## YOUR ASSIGNMENT
Using the records below, repeat exactly the lines from the one holding "575 Gleneagles Drive, Kamloops, BC" through the one holding "Página 9 do Capítulo 115", both ends included, and no others.

=-=-=-=-=

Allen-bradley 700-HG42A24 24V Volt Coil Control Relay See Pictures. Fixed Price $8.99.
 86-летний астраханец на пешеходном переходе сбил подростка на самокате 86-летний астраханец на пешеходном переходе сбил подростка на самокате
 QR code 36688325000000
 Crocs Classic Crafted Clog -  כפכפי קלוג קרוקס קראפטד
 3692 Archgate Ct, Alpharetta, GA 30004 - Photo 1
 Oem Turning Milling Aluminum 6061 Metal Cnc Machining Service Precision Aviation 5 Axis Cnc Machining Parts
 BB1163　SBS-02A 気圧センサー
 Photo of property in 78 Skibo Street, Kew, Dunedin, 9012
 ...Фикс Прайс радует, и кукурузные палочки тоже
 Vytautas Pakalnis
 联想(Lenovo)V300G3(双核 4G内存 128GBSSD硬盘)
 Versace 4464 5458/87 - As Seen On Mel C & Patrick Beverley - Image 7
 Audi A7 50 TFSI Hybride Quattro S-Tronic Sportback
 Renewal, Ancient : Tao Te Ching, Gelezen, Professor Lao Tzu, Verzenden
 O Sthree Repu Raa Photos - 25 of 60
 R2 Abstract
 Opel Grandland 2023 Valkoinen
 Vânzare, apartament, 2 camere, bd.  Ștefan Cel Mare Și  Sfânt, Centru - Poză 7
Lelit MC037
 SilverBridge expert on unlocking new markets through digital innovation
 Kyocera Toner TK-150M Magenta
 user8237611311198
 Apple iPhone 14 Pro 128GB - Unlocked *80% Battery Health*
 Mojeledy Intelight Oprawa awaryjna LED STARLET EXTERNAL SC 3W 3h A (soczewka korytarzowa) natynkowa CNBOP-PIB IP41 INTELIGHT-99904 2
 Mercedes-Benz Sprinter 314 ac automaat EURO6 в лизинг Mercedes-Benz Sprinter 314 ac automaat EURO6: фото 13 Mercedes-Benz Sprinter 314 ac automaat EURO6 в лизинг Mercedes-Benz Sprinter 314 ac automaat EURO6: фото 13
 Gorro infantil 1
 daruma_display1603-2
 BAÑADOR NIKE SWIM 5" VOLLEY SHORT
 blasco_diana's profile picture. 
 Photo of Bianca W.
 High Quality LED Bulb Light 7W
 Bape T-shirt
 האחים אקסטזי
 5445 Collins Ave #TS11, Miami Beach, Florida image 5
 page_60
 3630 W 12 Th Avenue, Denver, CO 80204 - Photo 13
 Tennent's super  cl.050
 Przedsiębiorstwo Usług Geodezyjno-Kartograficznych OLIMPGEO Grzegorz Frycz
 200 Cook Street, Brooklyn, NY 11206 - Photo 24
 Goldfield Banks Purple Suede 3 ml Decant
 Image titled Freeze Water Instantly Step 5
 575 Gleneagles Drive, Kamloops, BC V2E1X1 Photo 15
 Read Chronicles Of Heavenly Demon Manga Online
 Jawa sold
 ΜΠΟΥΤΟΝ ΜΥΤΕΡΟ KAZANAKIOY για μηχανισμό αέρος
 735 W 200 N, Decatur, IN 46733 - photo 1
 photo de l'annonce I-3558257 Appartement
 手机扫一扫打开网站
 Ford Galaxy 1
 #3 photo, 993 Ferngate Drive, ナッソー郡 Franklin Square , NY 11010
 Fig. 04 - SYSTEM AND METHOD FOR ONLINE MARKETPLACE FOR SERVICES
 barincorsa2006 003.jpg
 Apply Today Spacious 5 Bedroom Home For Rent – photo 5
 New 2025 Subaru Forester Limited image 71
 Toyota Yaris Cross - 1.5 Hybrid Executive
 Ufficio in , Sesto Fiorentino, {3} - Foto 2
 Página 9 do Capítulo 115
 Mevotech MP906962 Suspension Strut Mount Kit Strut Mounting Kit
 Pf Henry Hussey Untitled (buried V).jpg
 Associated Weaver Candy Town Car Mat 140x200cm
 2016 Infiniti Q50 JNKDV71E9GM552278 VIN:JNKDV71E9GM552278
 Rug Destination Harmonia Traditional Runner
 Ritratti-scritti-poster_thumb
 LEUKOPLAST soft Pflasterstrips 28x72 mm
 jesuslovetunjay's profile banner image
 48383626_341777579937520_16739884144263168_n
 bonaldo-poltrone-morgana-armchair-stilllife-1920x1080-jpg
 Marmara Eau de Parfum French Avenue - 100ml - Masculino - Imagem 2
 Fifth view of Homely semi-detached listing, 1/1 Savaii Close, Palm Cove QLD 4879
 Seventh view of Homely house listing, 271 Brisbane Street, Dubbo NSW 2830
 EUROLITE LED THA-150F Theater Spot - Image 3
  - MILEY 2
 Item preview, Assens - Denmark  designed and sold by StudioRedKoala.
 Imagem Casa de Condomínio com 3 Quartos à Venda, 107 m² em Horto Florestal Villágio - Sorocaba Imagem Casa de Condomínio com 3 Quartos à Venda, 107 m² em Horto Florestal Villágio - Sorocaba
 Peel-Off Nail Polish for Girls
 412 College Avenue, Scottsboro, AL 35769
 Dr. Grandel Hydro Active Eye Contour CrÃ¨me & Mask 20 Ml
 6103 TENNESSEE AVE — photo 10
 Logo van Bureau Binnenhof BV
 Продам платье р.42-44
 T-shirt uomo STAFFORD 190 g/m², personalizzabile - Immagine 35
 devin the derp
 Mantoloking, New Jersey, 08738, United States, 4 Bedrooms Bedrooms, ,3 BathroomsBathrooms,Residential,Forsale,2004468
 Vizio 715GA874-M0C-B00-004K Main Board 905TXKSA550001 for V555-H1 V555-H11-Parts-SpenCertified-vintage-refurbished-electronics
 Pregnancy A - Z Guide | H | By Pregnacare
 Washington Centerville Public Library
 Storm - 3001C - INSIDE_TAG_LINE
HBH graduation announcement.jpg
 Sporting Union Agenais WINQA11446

=-=-=-=-=

## RESULT FOR THIS TASK
 575 Gleneagles Drive, Kamloops, BC V2E1X1 Photo 15
 Read Chronicles Of Heavenly Demon Manga Online
 Jawa sold
 ΜΠΟΥΤΟΝ ΜΥΤΕΡΟ KAZANAKIOY για μηχανισμό αέρος
 735 W 200 N, Decatur, IN 46733 - photo 1
 photo de l'annonce I-3558257 Appartement
 手机扫一扫打开网站
 Ford Galaxy 1
 #3 photo, 993 Ferngate Drive, ナッソー郡 Franklin Square , NY 11010
 Fig. 04 - SYSTEM AND METHOD FOR ONLINE MARKETPLACE FOR SERVICES
 barincorsa2006 003.jpg
 Apply Today Spacious 5 Bedroom Home For Rent – photo 5
 New 2025 Subaru Forester Limited image 71
 Toyota Yaris Cross - 1.5 Hybrid Executive
 Ufficio in , Sesto Fiorentino, {3} - Foto 2
 Página 9 do Capítulo 115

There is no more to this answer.